Each attempt to rank universities rests upon an opinion about what constitutes academic quality and a presumption about how to measure it, notes Marilyn Knepp, director of academic planning and analysis. What follows is Knepp’s description of the methodologies used by some of the better-known publishers of rankings:
US News and World Report’s undergraduate rankings are devised by combining measures of an institution’s academic reputation, student selectivity, faculty resources, financial resources, graduation rates and alumni satisfaction.
The Gourman Report rates undergraduate and graduate programs overall and by field. The author, Jack Gourman, does not specify what processes he uses to compile his rankings.
The National Research Council Graduate Rankings is a reputational survey that asks more than 8,000 faculty to rate programs in their fields.
Business Week ranks business schools by surveying graduates of prominent business schools and executives of companies that recruit graduates of these schools.
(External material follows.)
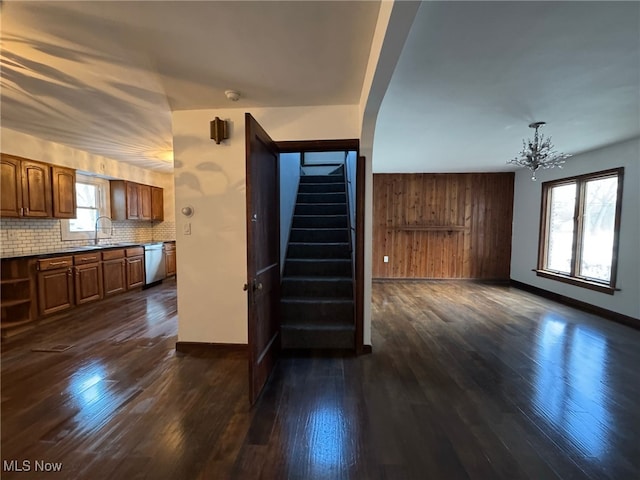 interior space with plenty of natural light, dark hardwood / wood-style floors, sink, and an inviting chandelier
Money magazine’s Best Values Rankings uses quality indicators, such as the graduation rate and student-faculty ratio, to predict a university’s tuition rate and then calculates the differences between predicted and actual tuition. The more tuition falls below the predicted rate, the higher the school ranks on the scale of value.
Knepp advises readers of rankings literature that in interpreting them they should: understand whether a ranking is aimed at describing overall quality as opposed to other objectives, such as best programs, best buys, etc.; consider whether your own views on quality agree with the designers of the rankings; view ranked institutions in groups rather than relying on absolute numerical order (“Institutions ranked within a dozen places of each other are probably very similar in quality”); and look at the consistency of an institution’s ranking over time and across studies—JW.